In onze casus heeft de man echter € 350.000,- geïnvesteerd, terwijl de overwaarde van de woning slechts € 250.000,- bedraagt. Zijn investering is dus verliesgevend. Moet de vrouw nu opdraaien voor de helft van dat verlies? Als je de lijn van Hoge Raad 2006 zou volgen: ja, want was er winst geweest, had de vrouw recht gehad op de helft, dus moet ze ook fiftyfifty delen in het verlies.
Edoch, hier behoedt het hof de vrouw voor een fikse restschuld door te oordelen dat het delen van winst niet hetzelfde is als het delen van verlies. Dat verlies moet de man helemaal zelf nemen en kan hij niet (deels) afwentelen op de vrouw. Het is immers de man die, zonder dat hij daarover afspraken heeft gemaakt met de vrouw, heeft geïnvesteerd met privévermogen. En dus moet hij het risico daarvan dragen.
De man hoeft van het hof ook niet de spaarpolis met de vrouw te delen. Het hof vindt dat een logisch gevolg van het feit dat de man recht heeft op teruggaaf van zijn investering.
Slotsom: de man krijgt de woning zonder dat de een iets aan de ander hoeft te betalen.
Is er recht gedaan?
Is hier recht gedaan? Daar kun je verschillend over denken, getuige de uitkomsten bij rechtbank respectievelijk hof.
Wat vindt u? Heeft het hof het goed gedaan?
Ik denk: ja, grotendeels wel. Het onderscheid tussen inkomen (stilzwijgende afspraak) en vermogen (blijft privé) lijkt in dit geval eerlijk. Wellicht was dat anders wanneer de man had geïnvesteerd met geld dat hij tijdens de samenleving had kunnen sparen van zijn salaris. Maar dat was niet zo, leid ik af uit de uitspraak.

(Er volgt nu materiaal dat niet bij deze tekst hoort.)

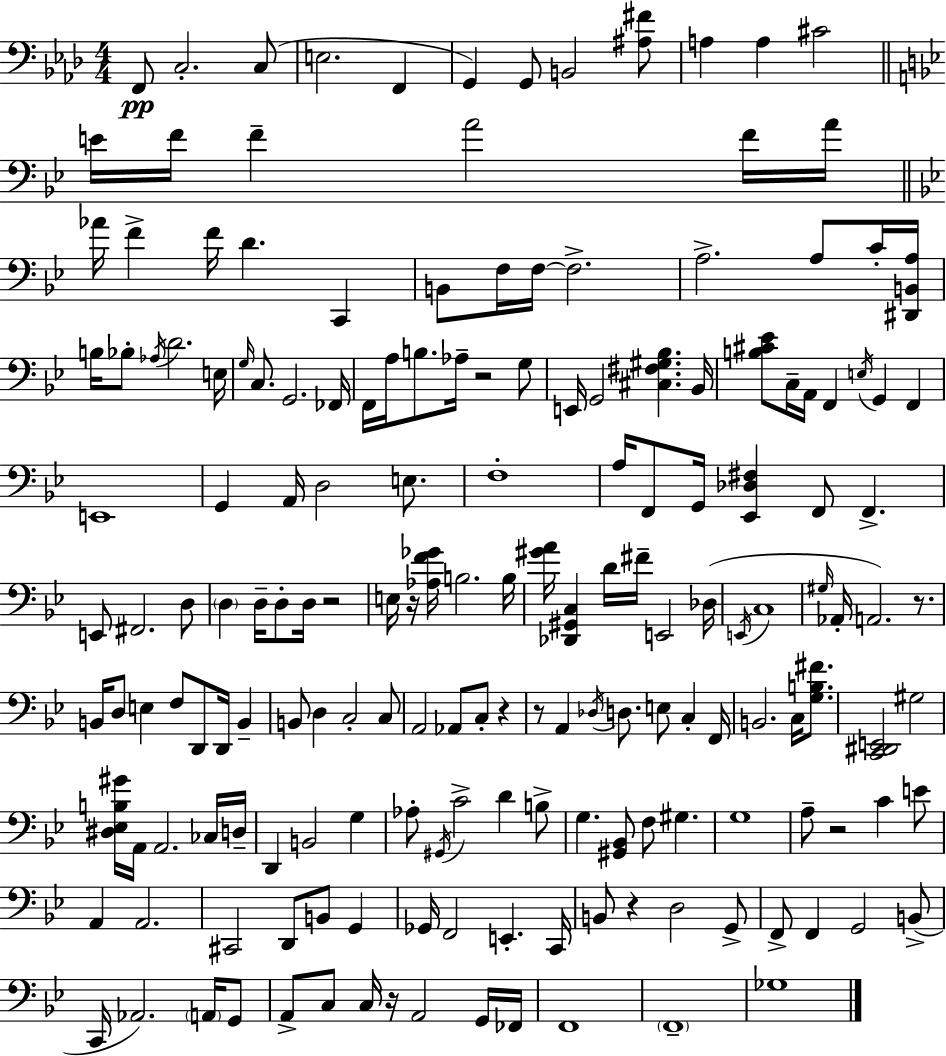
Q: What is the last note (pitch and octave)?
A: Gb3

De overweging van het hof dat delen in de winst niet betekent dat er ook in het verlies moet worden gedeeld, heeft iets weg van een doelredenering. Want normaal gesproken gaat die redenering bij investeringen natuurlijk niet op. Maar het hof heeft die redenering nodig om weg te blijven bij de (consequenties van de) uitspraak van de Hoge Raad uit 2006, waarin besloten lijkt te liggen dat investeren met ongelijke delen recht geeft op een gelijke winst- resp. verliesverdeling. Doelredenering of niet, de uitkomst ervan is goed.
Er is wel één punt waarover wat mij betreft anders had moeten worden geoordeeld: de spaarpot die bij de hypotheek hoorde. Waarom moet de man daarvan niet de helft aan de vrouw betalen? Waarom mag hij het verlies uit zijn investering compenseren met haar helft van de spaarpot? De man bracht zijn inkomen in, de vrouw haar arbeid. Het deel van het inkomen dat in de spaarpolis werd gestort, komt nu alsnog volledig bij de man terecht. Op die manier mag hij toch een stukje van het verlies op zijn investering op haar afwentelen. Is dat eerlijk? Ik denk: nee.
De slotregel van deze blog laat zich raden. Zorg dat je je samenleving goed regelt, vooral als je samen kinderen krijgt!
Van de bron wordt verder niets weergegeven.